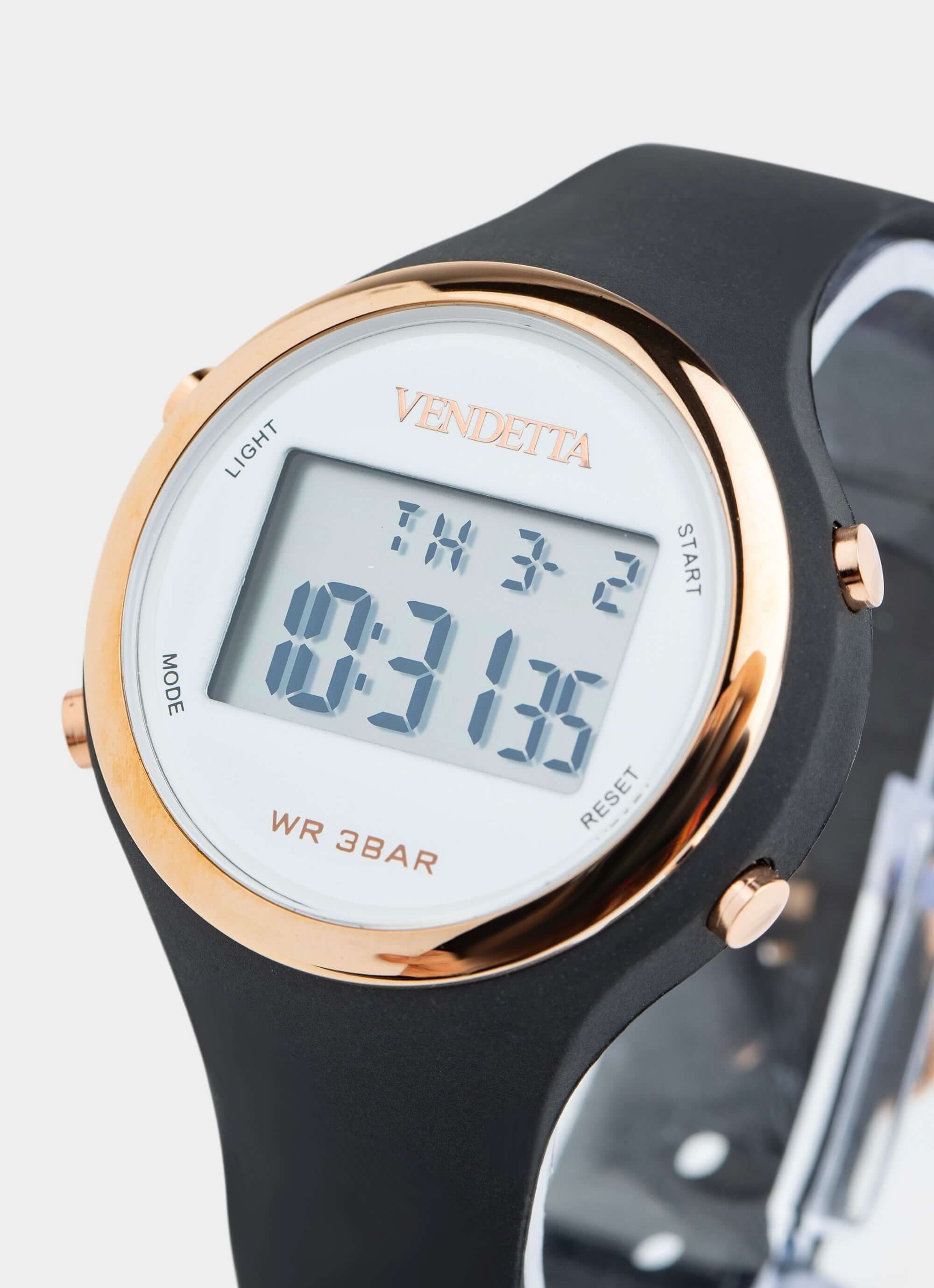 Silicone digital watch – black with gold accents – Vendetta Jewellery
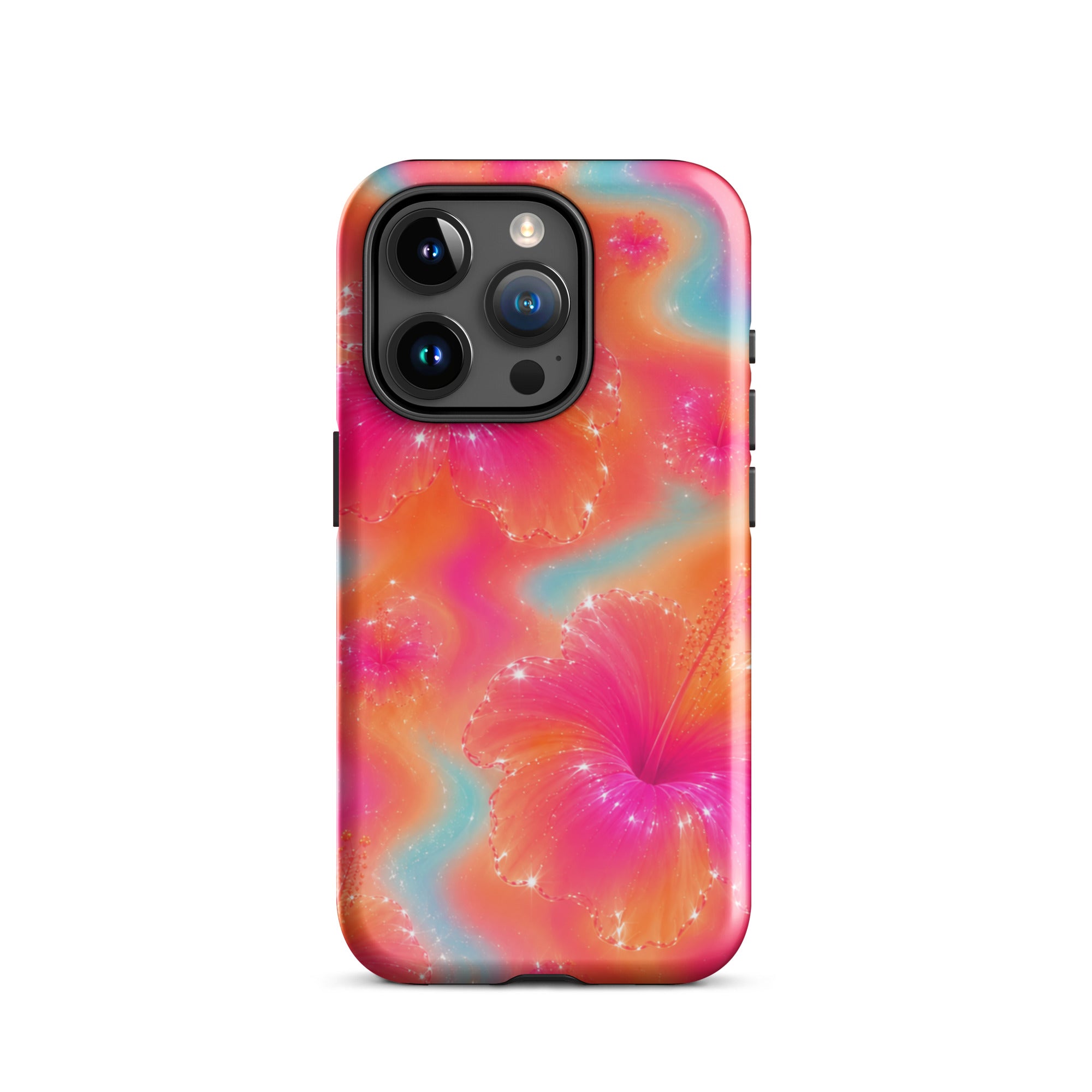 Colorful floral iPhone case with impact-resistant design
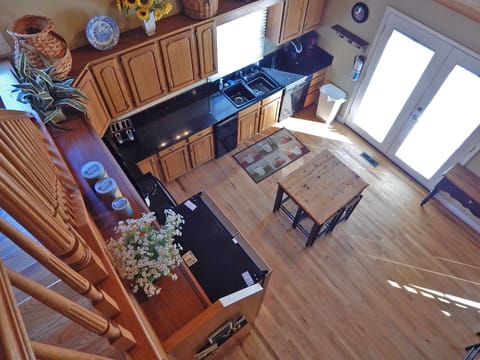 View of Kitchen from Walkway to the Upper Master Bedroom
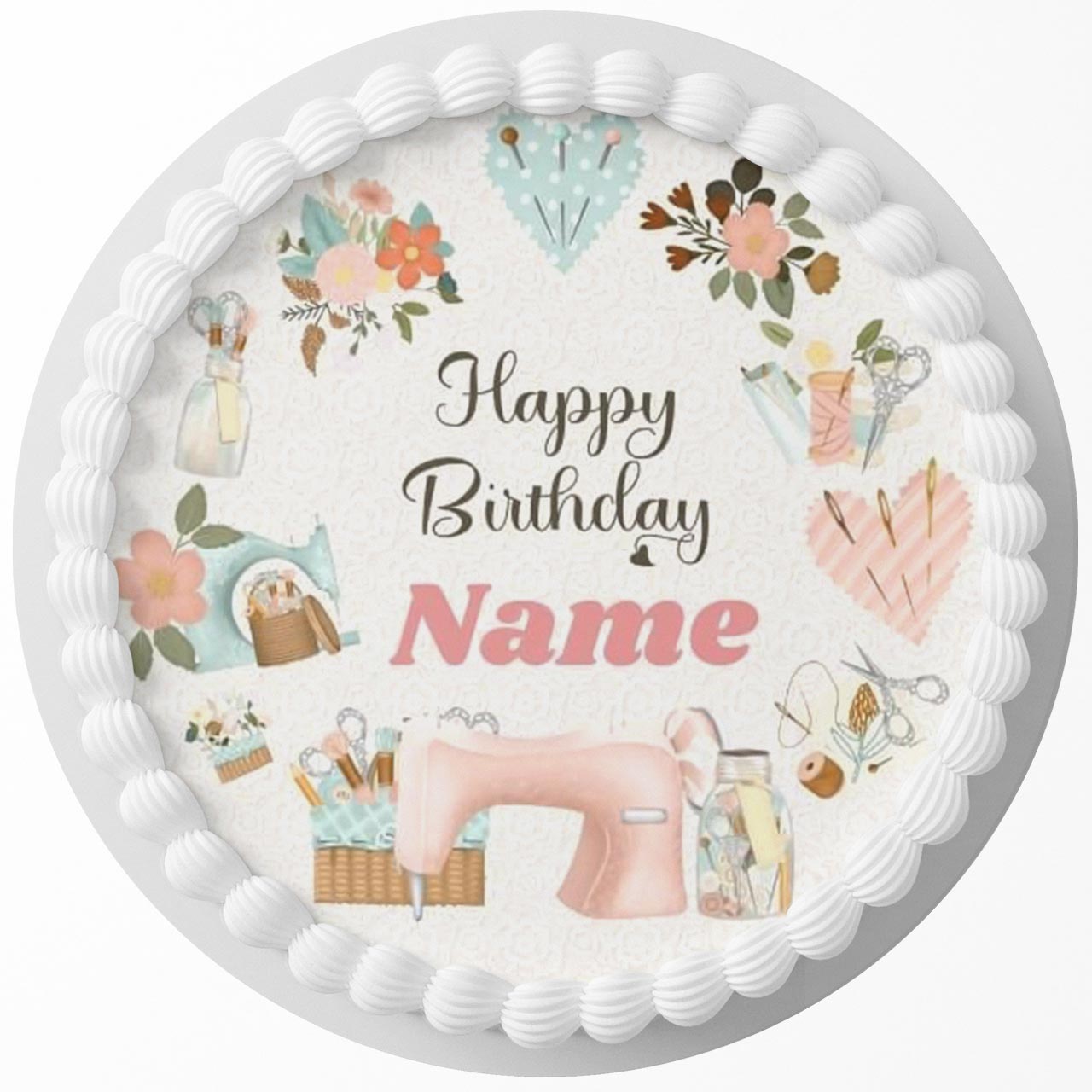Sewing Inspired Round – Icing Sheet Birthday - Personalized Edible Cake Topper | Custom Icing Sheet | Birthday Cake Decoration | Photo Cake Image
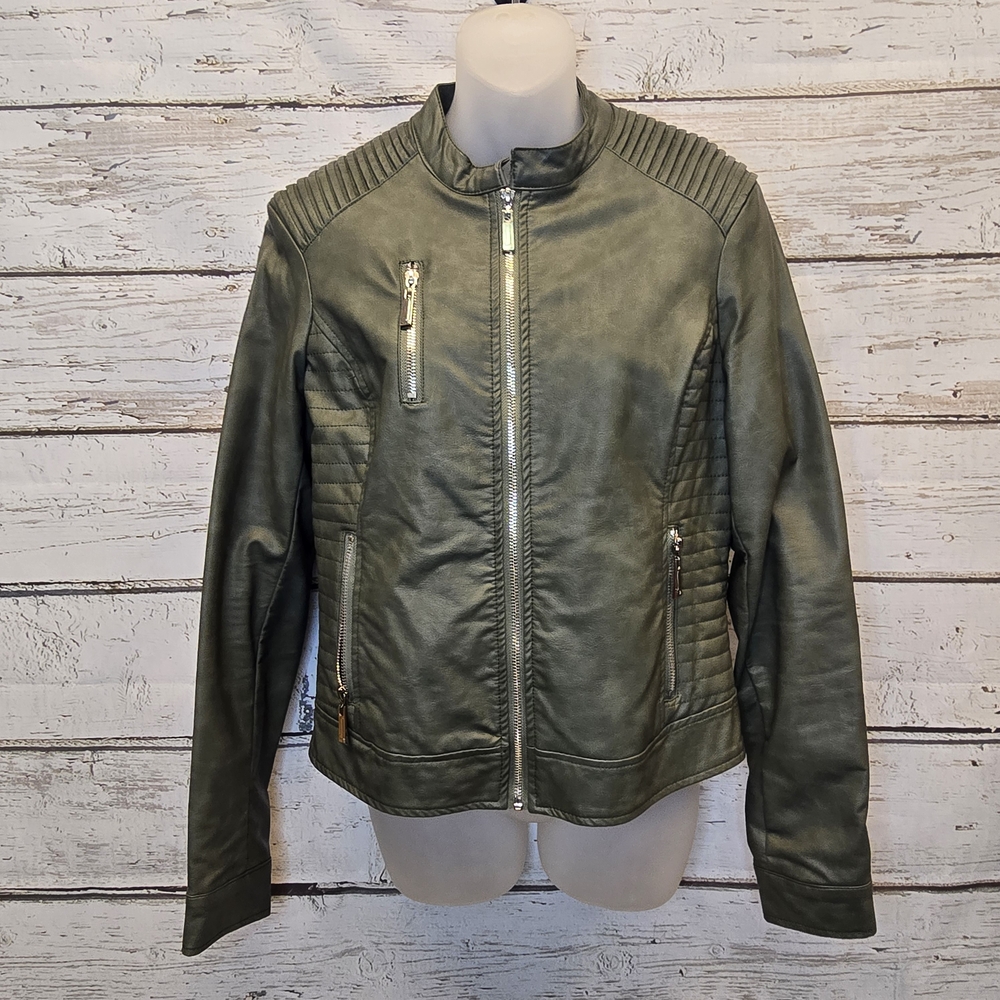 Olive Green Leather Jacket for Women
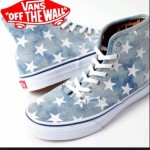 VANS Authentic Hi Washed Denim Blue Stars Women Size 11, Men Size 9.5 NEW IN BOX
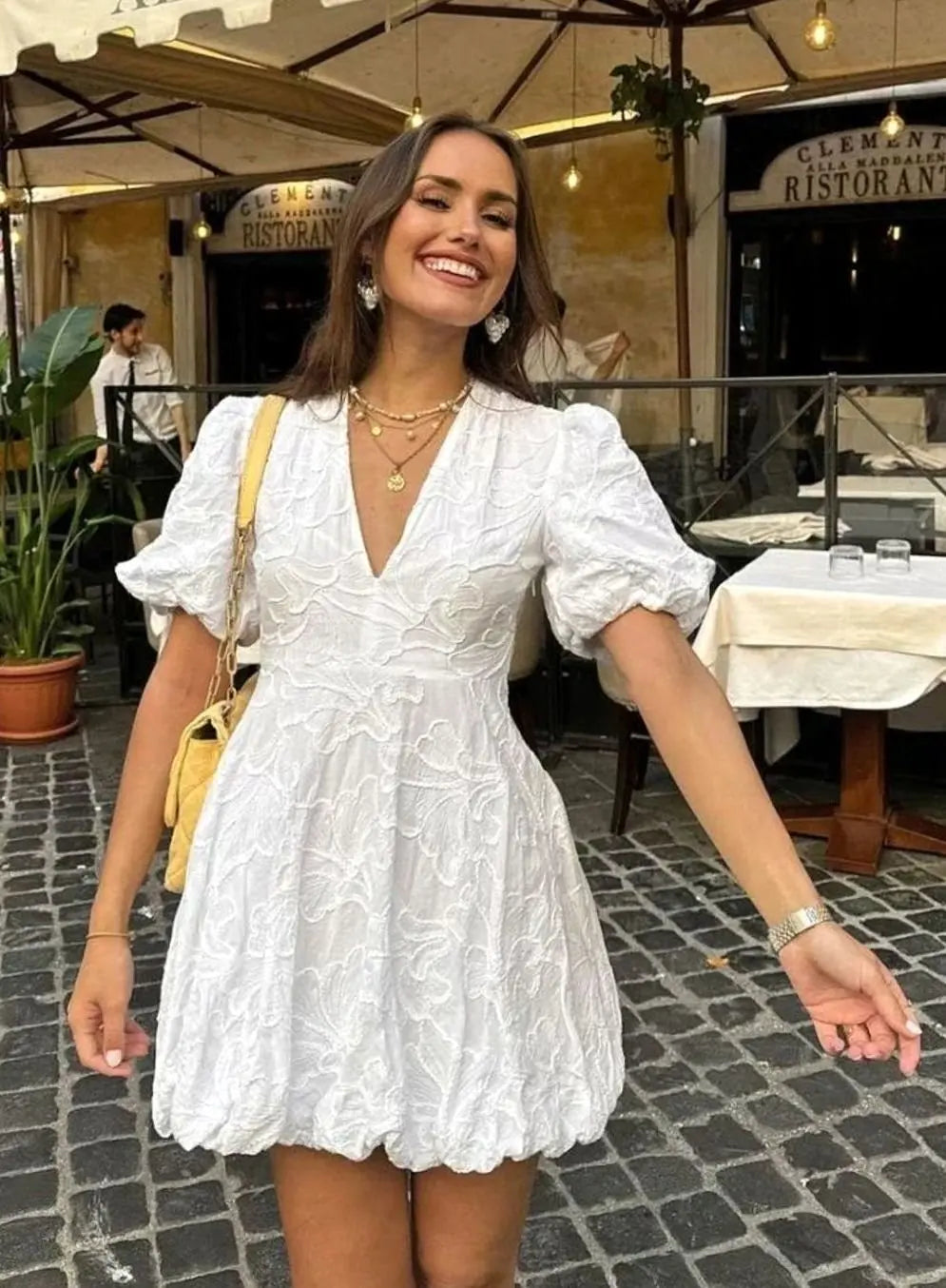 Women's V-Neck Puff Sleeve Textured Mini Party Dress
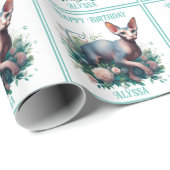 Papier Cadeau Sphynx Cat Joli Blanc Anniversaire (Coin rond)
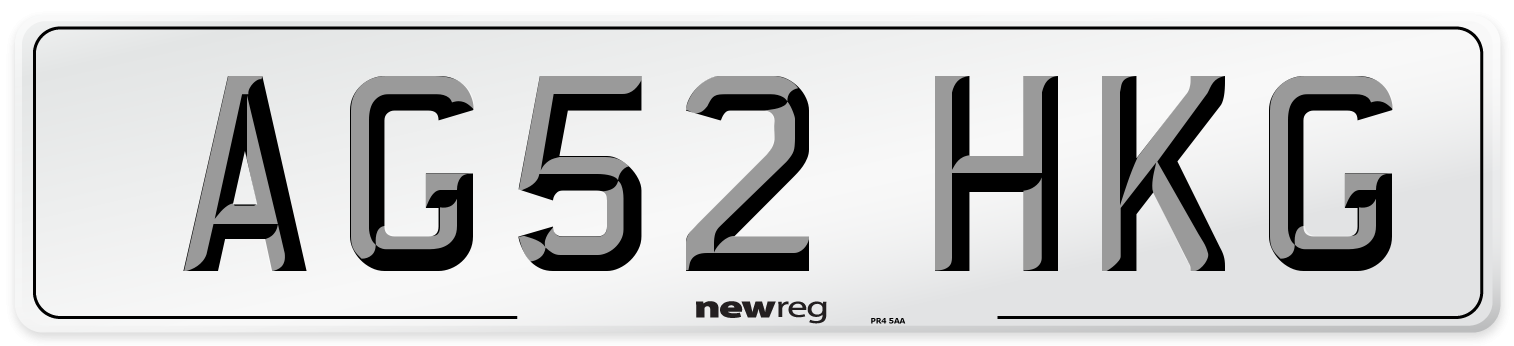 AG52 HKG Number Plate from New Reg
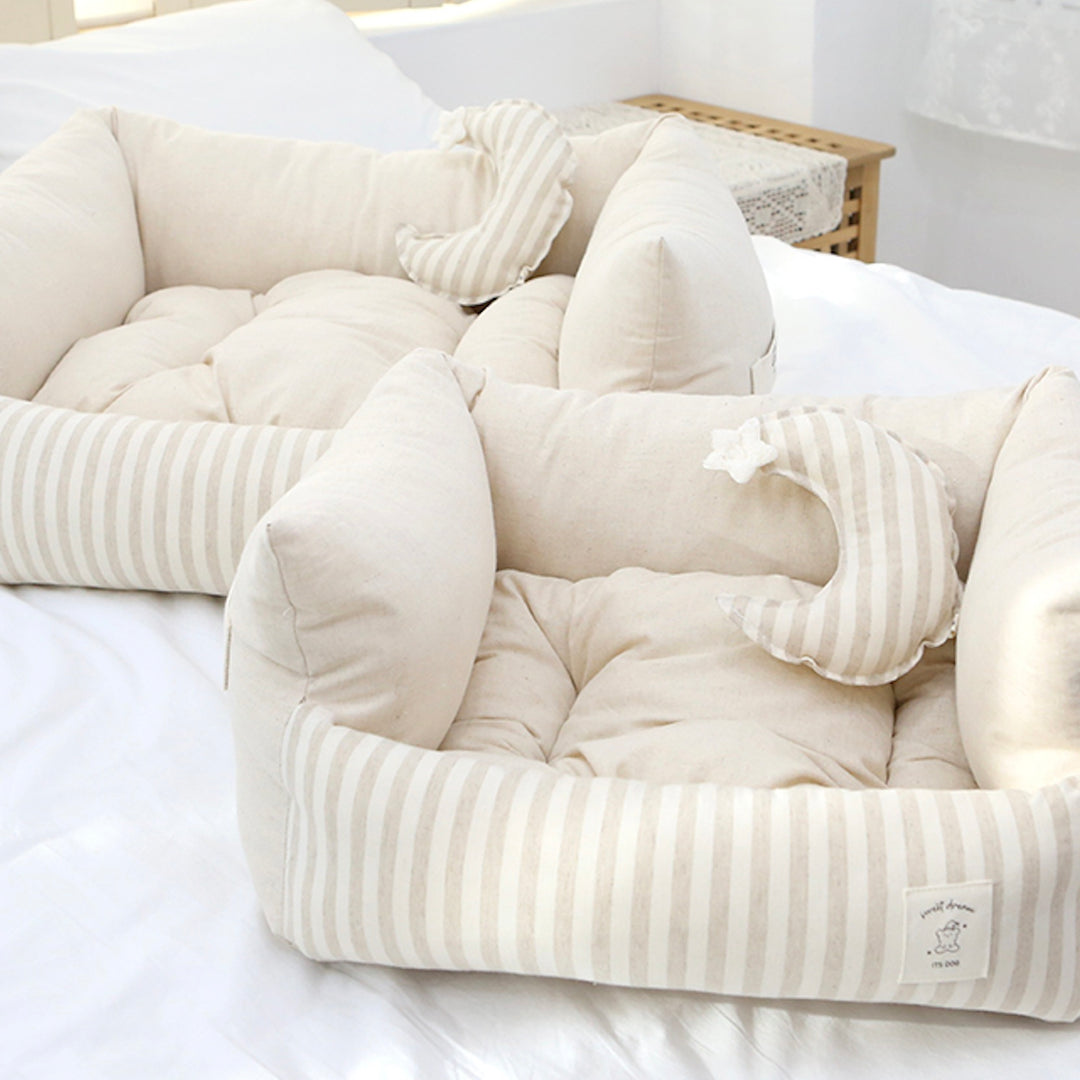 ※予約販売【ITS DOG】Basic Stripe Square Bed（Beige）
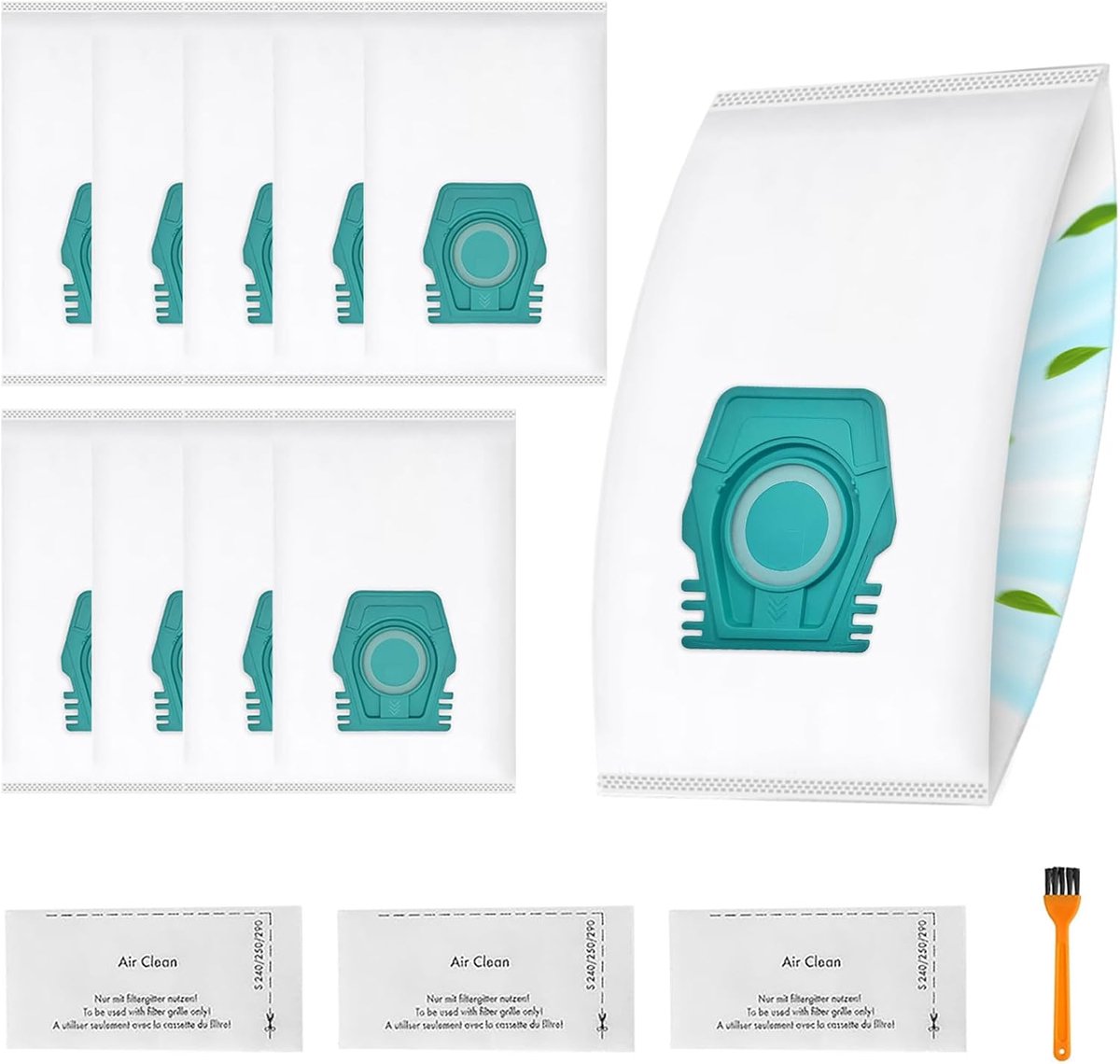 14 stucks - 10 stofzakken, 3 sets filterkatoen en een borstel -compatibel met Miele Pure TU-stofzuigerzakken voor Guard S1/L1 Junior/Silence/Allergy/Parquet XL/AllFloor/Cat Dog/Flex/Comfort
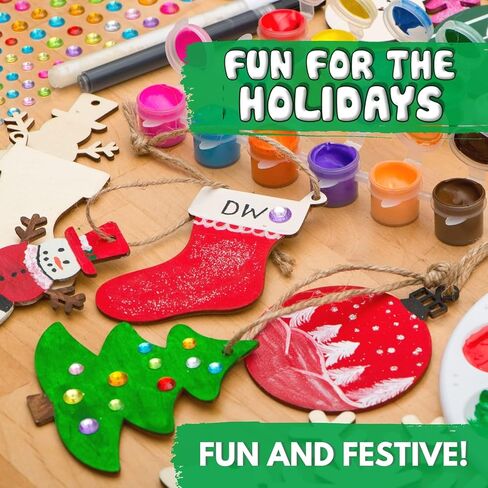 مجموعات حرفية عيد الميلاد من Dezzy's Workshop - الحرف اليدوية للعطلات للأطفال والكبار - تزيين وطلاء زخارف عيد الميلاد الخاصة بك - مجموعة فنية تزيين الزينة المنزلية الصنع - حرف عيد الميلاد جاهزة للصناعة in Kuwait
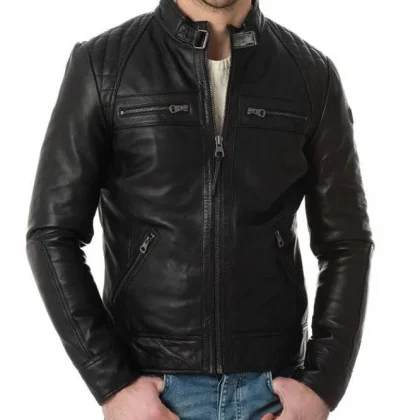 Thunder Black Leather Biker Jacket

▶ **PROBLEM STATEMENT**
Go down the entries above from the line containing "VANS Authentic Hi" to the line containing "AG52 HKG Number Plate from New Reg" and write out each line exactly, leaving pictures out.

▶ **EXERCISE SOLUTION**
 VANS Authentic Hi Washed Denim Blue Stars Women Size 11, Men Size 9.5 NEW IN BOX
 Women's V-Neck Puff Sleeve Textured Mini Party Dress
 Papier Cadeau Sphynx Cat Joli Blanc Anniversaire (Coin rond)
 AG52 HKG Number Plate from New Reg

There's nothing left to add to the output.